Segment Start: Provided material

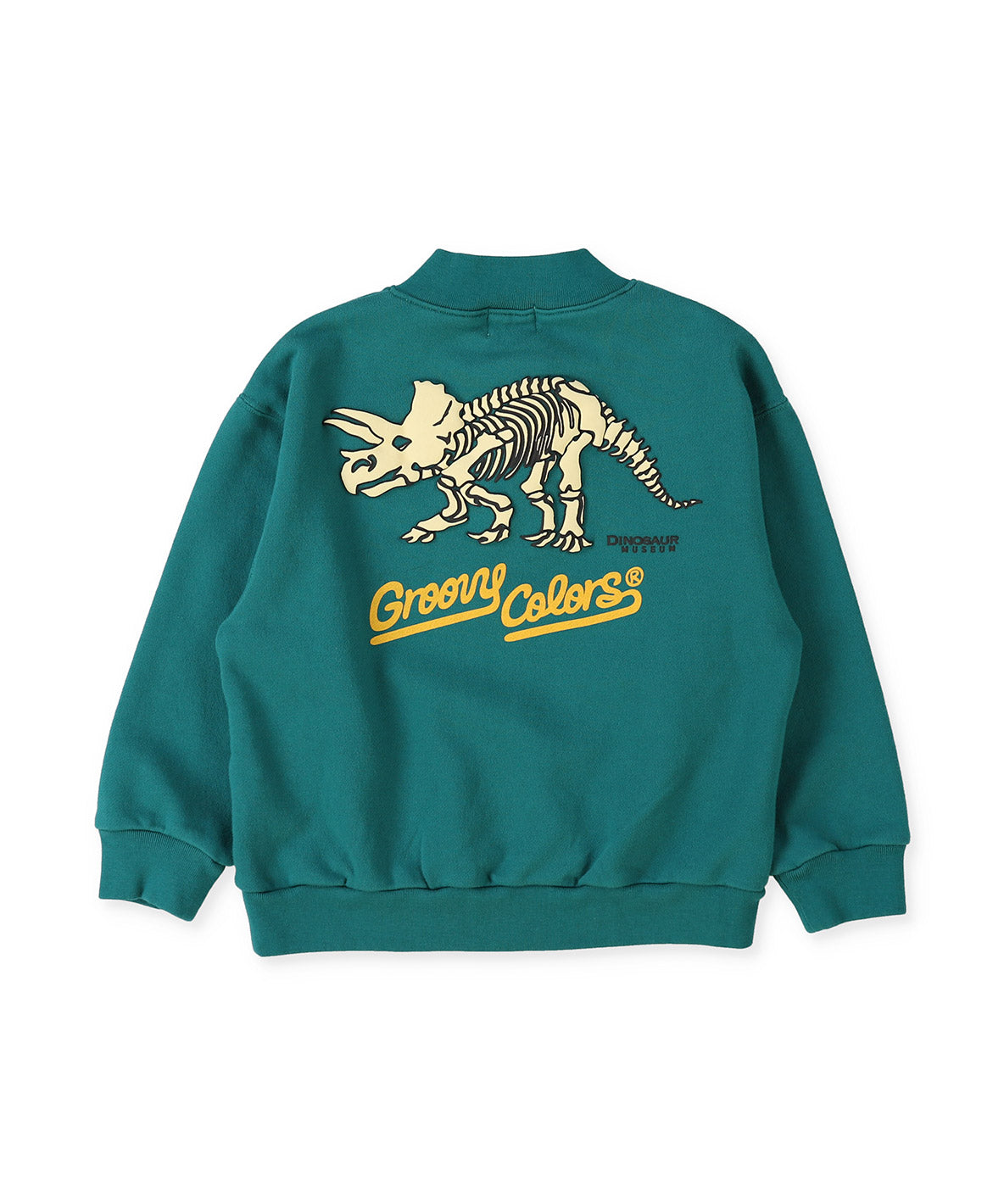 Pile DINOSAUR Pullover Sweatshirt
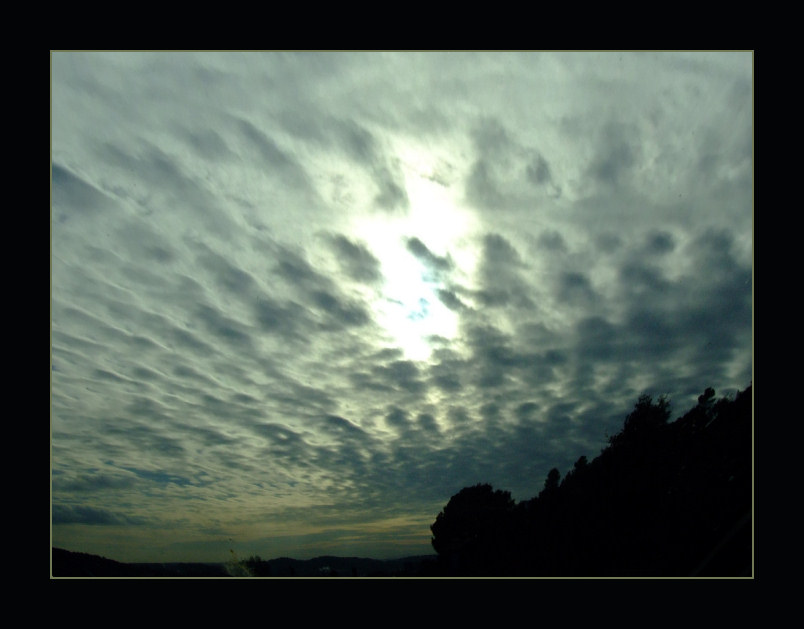 after the rain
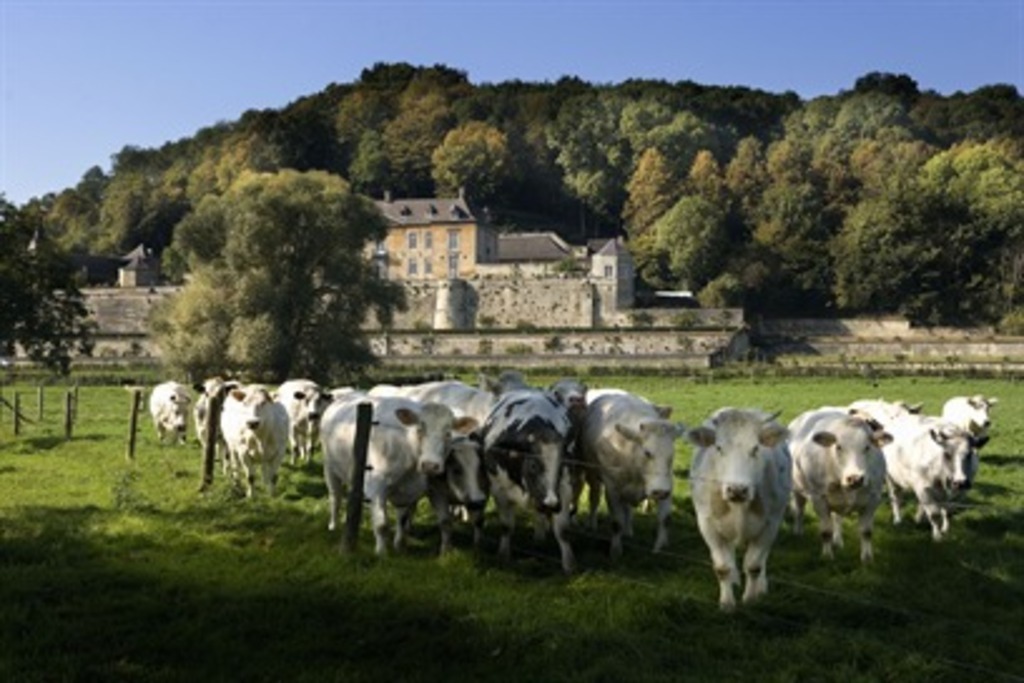 Chateau Neercanne (walking distance from our home)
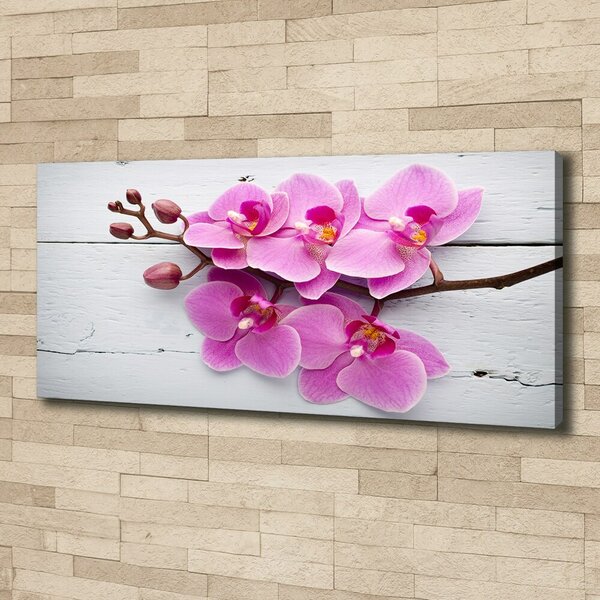 Foto obraz na plátně Orchidej a na stromě oc-118409675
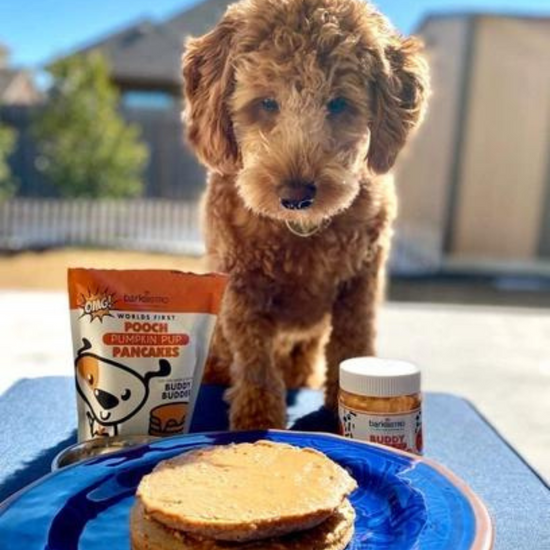 Load image into Gallery viewer, Pumpkin Pup Pooch Pancakes - 100% All Natural
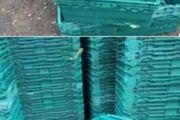 storage stacking crates / boxes/ baskets   1e each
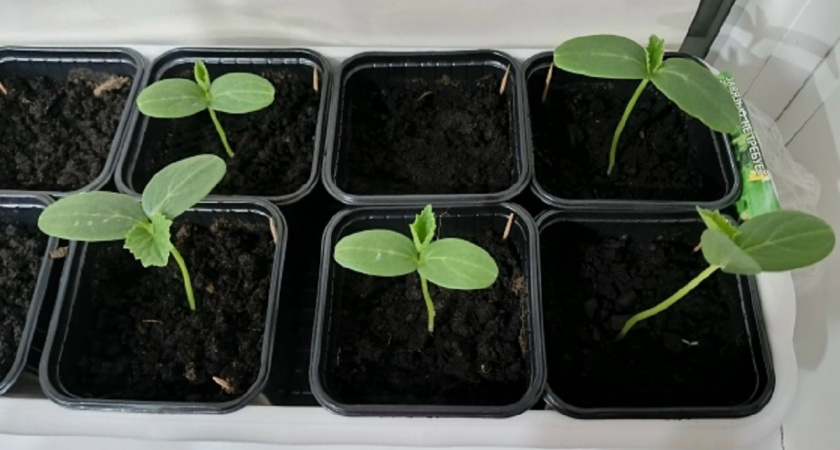 Проклюнулись огурцы: что делать дальше, чтобы рассада не вытягивалась и росла крепкой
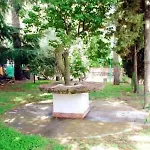 Il Vigneto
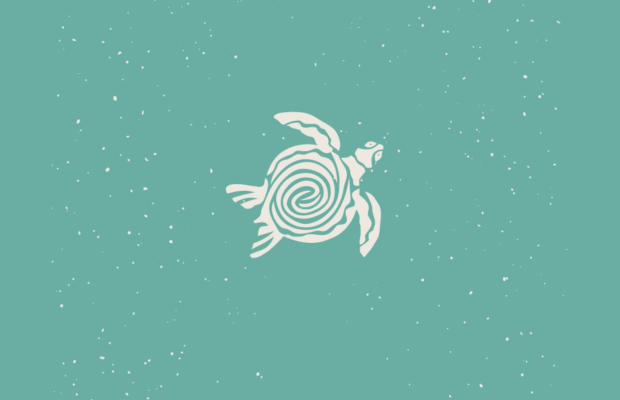 What kind of sea creature is this?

Segment End: Provided material

**Work task**.
Without the pictures, transcribe the lines from the one containing "Foto obraz na" through the end of the data, exactly and only those.

**Written solution**.
 Foto obraz na plátně Orchidej a na stromě oc-118409675
 Load image into Gallery viewer, Pumpkin Pup Pooch Pancakes - 100% All Natural
 storage stacking crates / boxes/ baskets   1e each
 Проклюнулись огурцы: что делать дальше, чтобы рассада не вытягивалась и росла крепкой
 Il Vigneto
 What kind of sea creature is this?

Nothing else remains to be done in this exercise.